The need to present a level playing field for the athletes resulted in a number of decisions. For one, the first athlete name you see changes each time the site is loaded. Carroll created a RandomAthlete function to select a number between 1 and 24 and an ActionScript LoadMovieNum function to load the correspondingly numbered athlete's movie.
The need for parity also legislated the horizontal layout of the tiles that represent each athlete, as well as the use of rollovers to show the athletes' names. "Putting crucial information in a rollover is generally risky," says Carroll, because users may simply never see it. Here, though, the designers found it the only way to avoid a stacked layout that gave precedence of position to one athlete or another. In the horizontal layout, the tiles are organized alphabetically by last name, but users won't necessarily scroll through the names from the beginning; they're just as likely to choose an interestingly colored tile or one next to the current tile.
Colored tiles represent each athlete. The currently chosen one is indicated by a dot on his or her tile (top). Rolling over other tiles displays the name of the athlete represented by each one. Clicking a tile calls up that athlete's info. Users vote by dragging an athlete's tile into position in the voting bar. When all ten slots are filled, the Submit Vote button is activated (middle). When Submit Vote is clicked, the text changes to a label, Submitted Vote (bottom), and a list of the current popular vote standings is displayed, along with another call to enter the sweepstakes (right).
"We had the intuition that drag and drop was the way to go for the voting," says Cavallaroan intuition that was confirmed as the team designed the implementation. In the final design, you drag the athlete's tile into one of ten voting slots to create your personal top ten.

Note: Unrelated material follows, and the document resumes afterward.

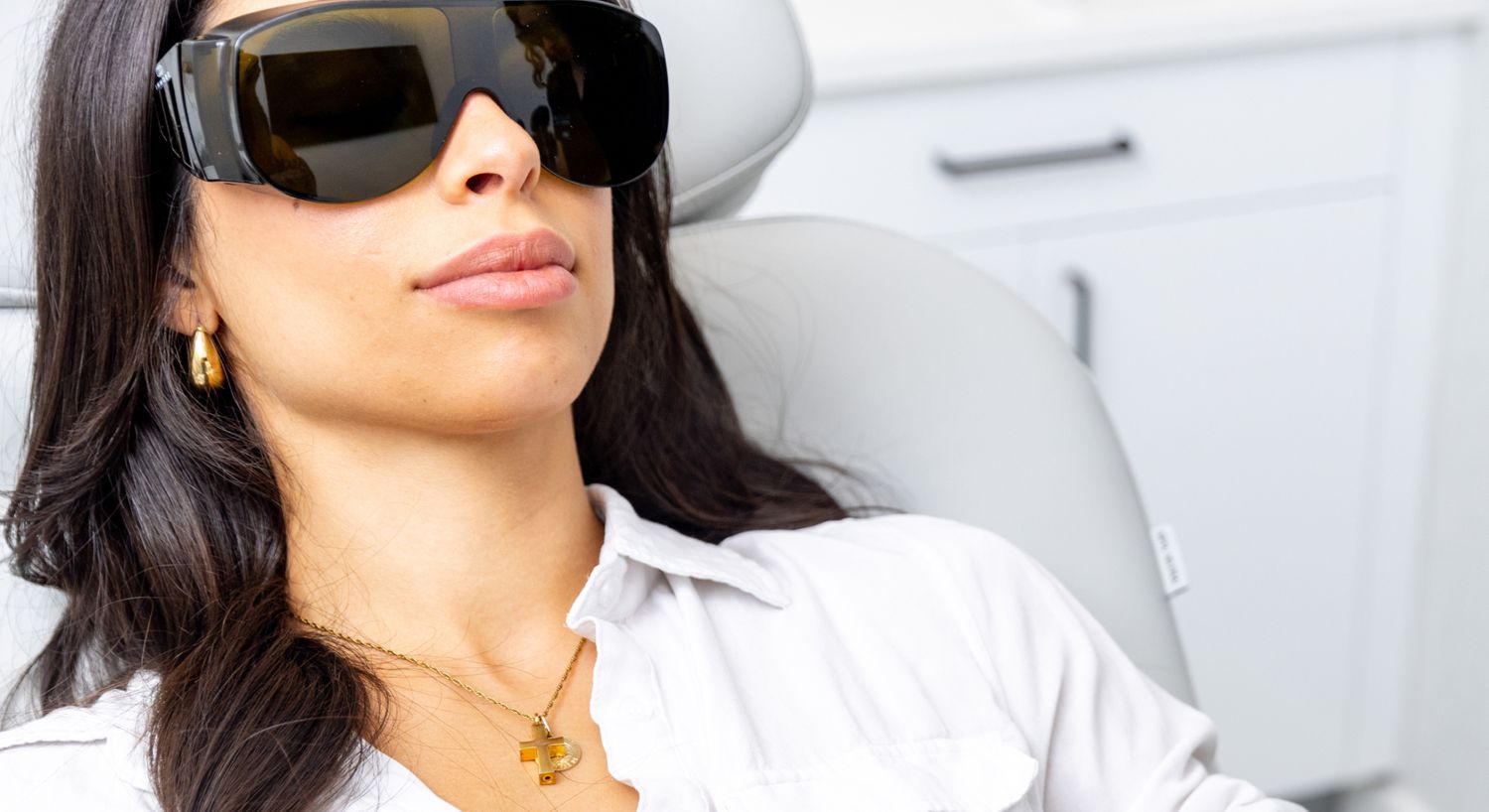 IPL Photofacial patient model sitting in a med spa chair with safety glasses on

"There were a lot of nice things that happened by accident," says Carroll. Because each tile is positioned on the stage dynamically with ActionScript, and each is assigned the properties of the athlete it represents, the chip's behavior is the same whether it sits in the navigation lineup or in the voting slots. You can still click them to call up the athlete's information, or drag them out again into the roster in the same way you dragged them in. (The tile snaps back to its original position in the line.)
The Thoughtbubble team says that all the comps it showed included some version of drag and drop. "One design had you drag the photo into a ballot box," says Cavallaro. "It took the idea really literally."
"When we were putting together the drag-and-drop interface, we were concerned whether people were going to get it," says multimedia designer Paul Gomez. The typed instructions were designed to make the interface clear. But he also points out that you can get a lot out of the site without even getting to the voting. Carroll agrees: "We wanted to introduce next-generation interactivity but not make it necessary for using the site."
Hidden Significance
Heck believes that the design of the voting system owes its success to the way it mimics users' thought processes. "What we're asking the users to do here is somewhat complex," he says. "Consider 24 possible choices, evaluate the individual merits of each, and then keep all those facts and opinions in their heads long enough to choose their ten favorites."
The tiles, he says, serve as useful aides-memoire. "Each colored tile represents everything the user knows about the individual athlete, whether learned from the site or from previous experience," he explains. The voting mechanism allows the users to organize each of those individual ideas, compare them, group them, and sort them. It's a process, he says, "that mimics the countless cognitive evaluations and comparisons that go into every decision we make." Users are able to reevaluate and reconsider their choices by rearranging the tiles as much as they want before committing to a final vote. The information about each athlete remains associated with its tile no matter how the user organizes it, just as a host of associated information and ideas connects to an item.